### [WHAT YOU HAVE TO DO]
Nothing but the pictures should go missing; return all the entries below exactly.

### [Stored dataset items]

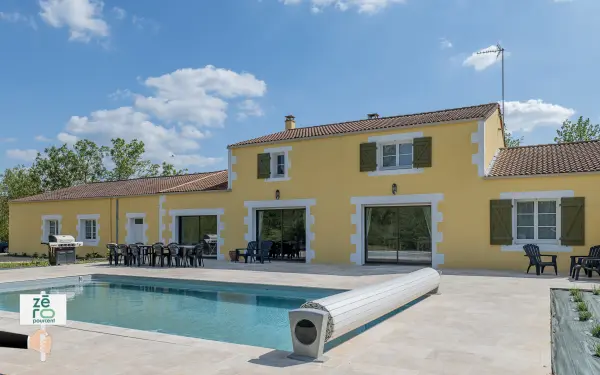 Mouzeuil-Saint-Martin 85370 – Vente maison/villa 9&nbsp;pièces 4&nbsp;chambres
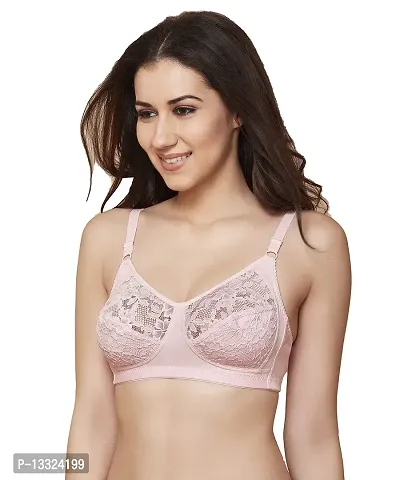 Maiden Beauty My Love Full Coverage LACY Bra-thumb3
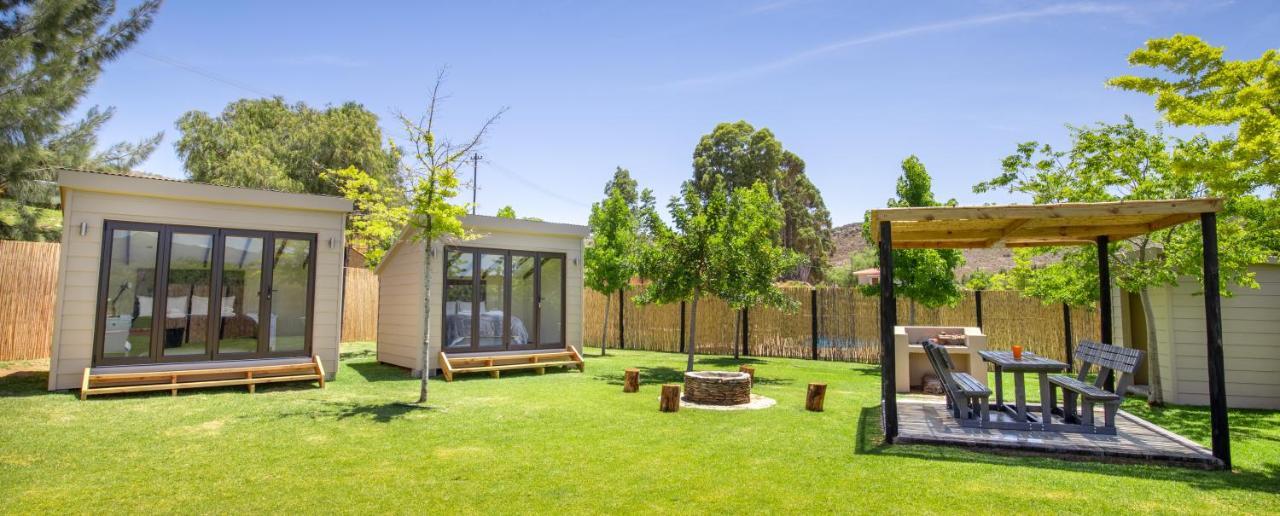 Glen Eden Farm Villa Boesmanspad Exterior foto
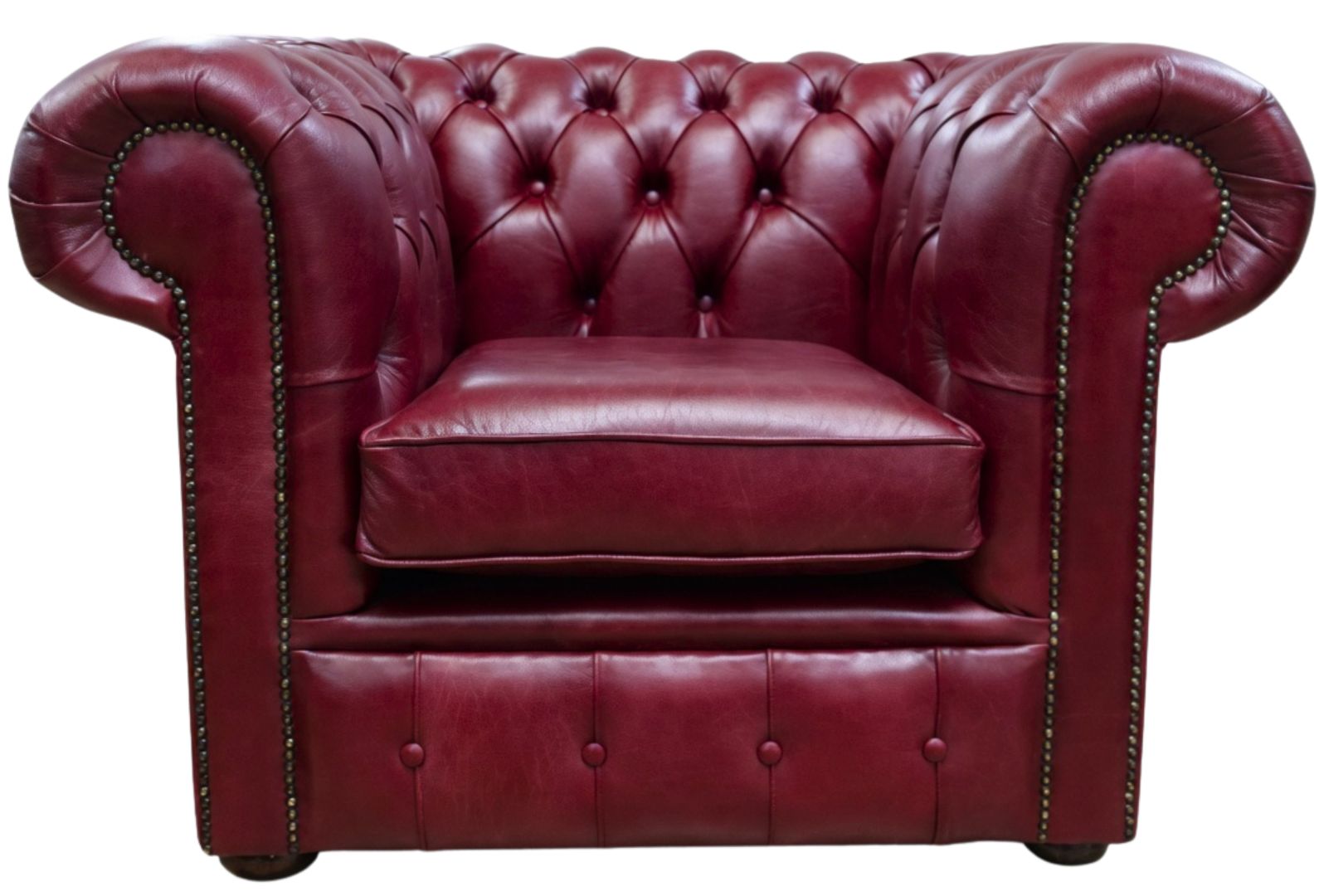 The Cambridge Chesterfield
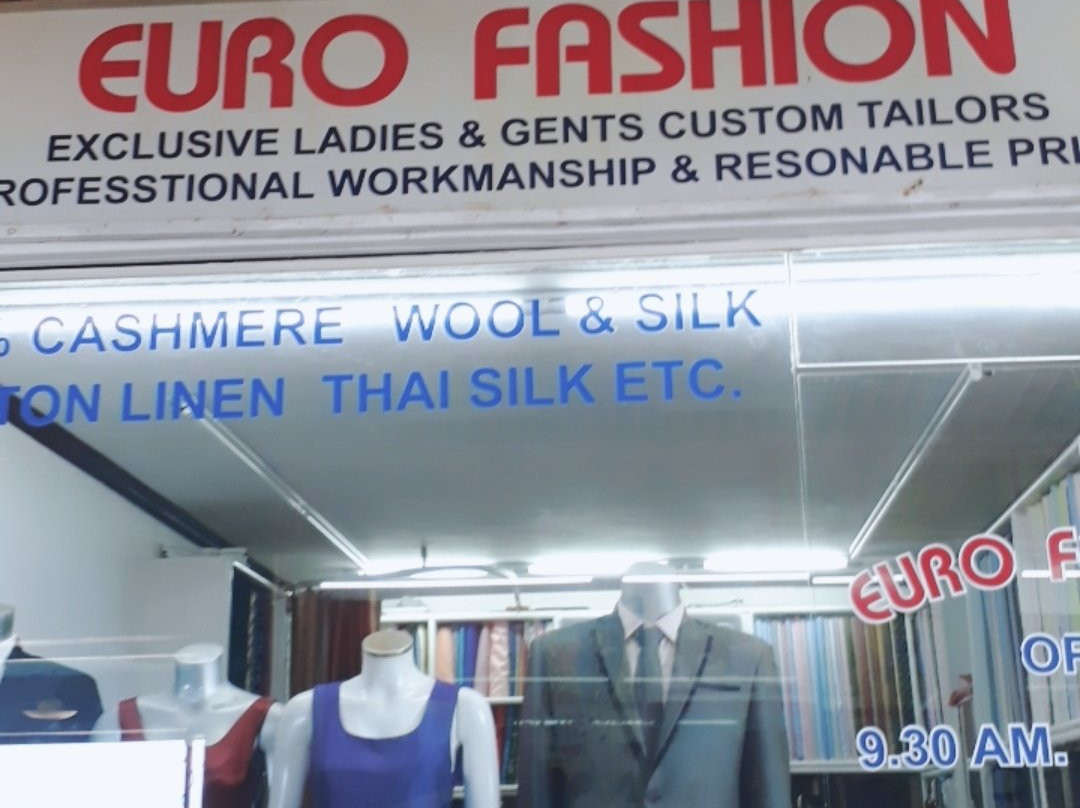 Euro Fashion景点图片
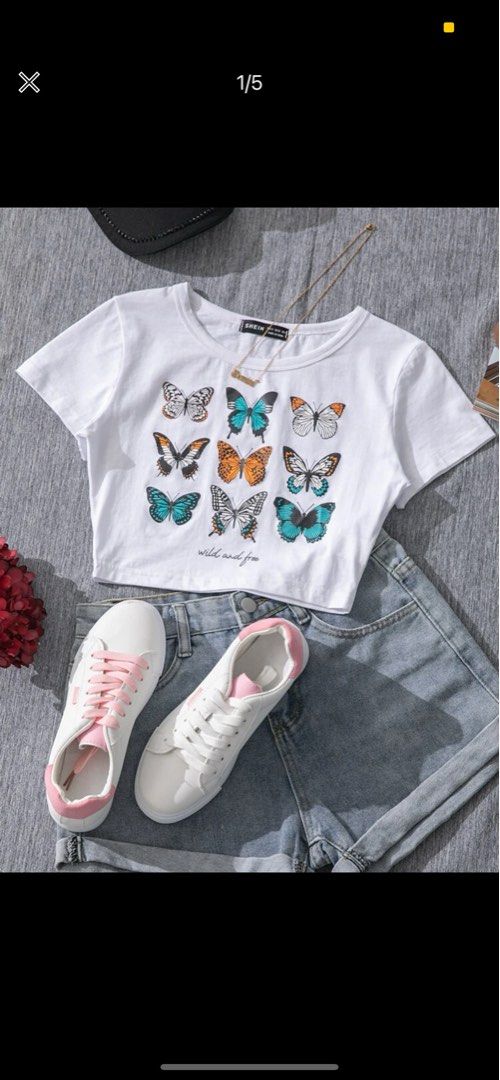 Butterfly Top main image 0
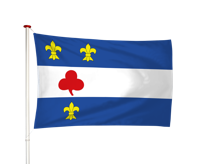 Vlag Losdorp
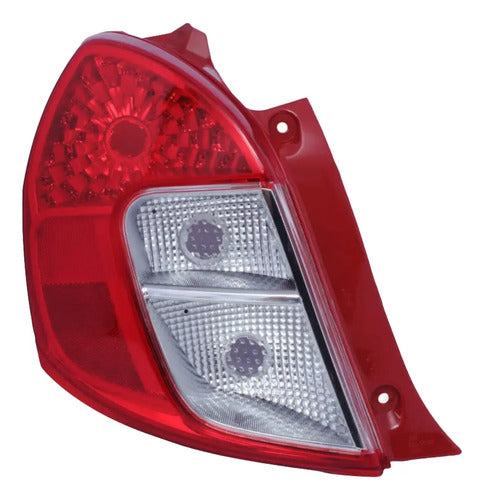 Farol Trasero Suzuki Celerio 2016 2021 Izquierdo Rojo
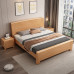 Zaurus Wood Double Bed Kids Bed Master Bedroom Solid Wood Bed Zaurus Wood Double Bed Kids Bed Master Bedroom Solid Wood Bed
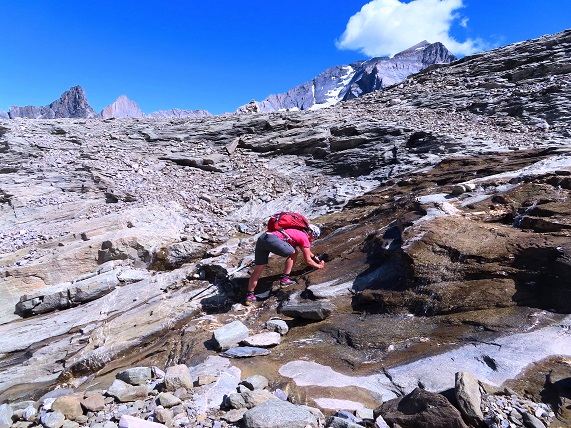 Foto: Andreas Koller / Wandertour / Pointe de la Rechasse (3212m) / 05.08.2022 18:39:47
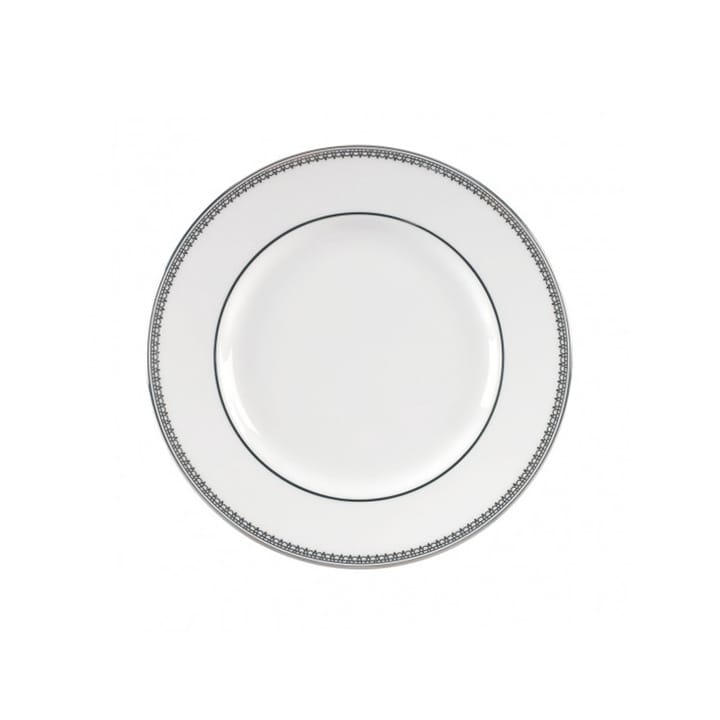 Assiette Vera Wang Lace Platinum - Ø 15 cm - Wedgwood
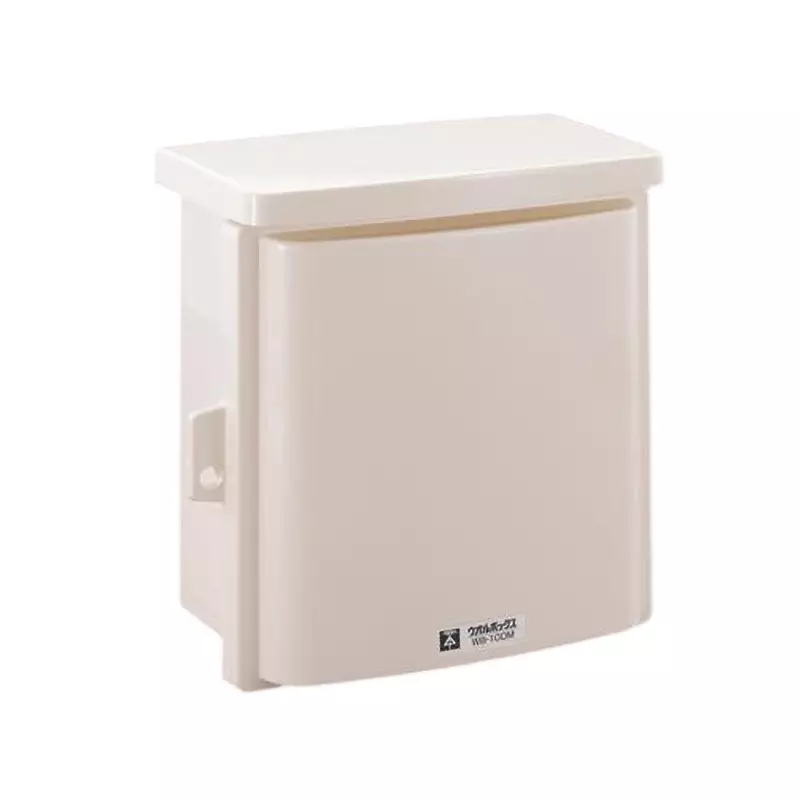 Esco Junction Box Bottom: 27 x 5, Back: 28 x 4, 23 x 4 mm Applicable Knockout Diameter, EA940CS-315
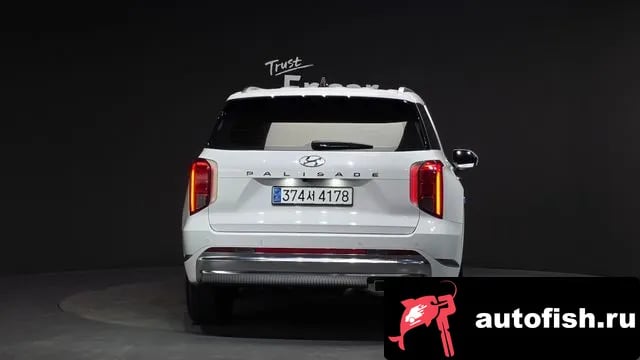 Hyundai Palisade The New Palisade 2023 года - вид 4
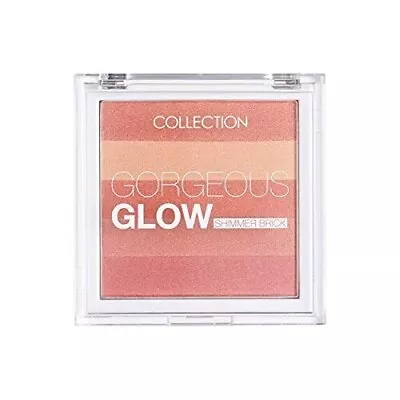 Collection's Cosmetics-Gorgeous Glow Shimmer Brick- Multi-purpose Makeup Palette • £5.83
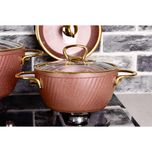 سرویس پخت و پز 10 پارچه ام جی اس طرح فورج کد 800300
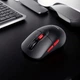 Беспроводная мышь двухрежимная HAVIT HV-MS59WB Black 2.4GHz + Bluetooth 5.0, 1600 DPI, 7 клавиш - изображение 2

### [RESULT FOR THIS EXERCISE]
 Mouzeuil-Saint-Martin 85370 – Vente maison/villa 9&nbsp;pièces 4&nbsp;chambres
 Maiden Beauty My Love Full Coverage LACY Bra-thumb3
 Glen Eden Farm Villa Boesmanspad Exterior foto
 The Cambridge Chesterfield
 Euro Fashion景点图片
 Butterfly Top main image 0
 Vlag Losdorp
 Farol Trasero Suzuki Celerio 2016 2021 Izquierdo Rojo
 Zaurus Wood Double Bed Kids Bed Master Bedroom Solid Wood Bed Zaurus Wood Double Bed Kids Bed Master Bedroom Solid Wood Bed
 Foto: Andreas Koller / Wandertour / Pointe de la Rechasse (3212m) / 05.08.2022 18:39:47
 Assiette Vera Wang Lace Platinum - Ø 15 cm - Wedgwood
 Esco Junction Box Bottom: 27 x 5, Back: 28 x 4, 23 x 4 mm Applicable Knockout Diameter, EA940CS-315
 Hyundai Palisade The New Palisade 2023 года - вид 4
 Collection's Cosmetics-Gorgeous Glow Shimmer Brick- Multi-purpose Makeup Palette • £5.83
 سرویس پخت و پز 10 پارچه ام جی اس طرح فورج کد 800300
 Беспроводная мышь двухрежимная HAVIT HV-MS59WB Black 2.4GHz + Bluetooth 5.0, 1600 DPI, 7 клавиш - изображение 2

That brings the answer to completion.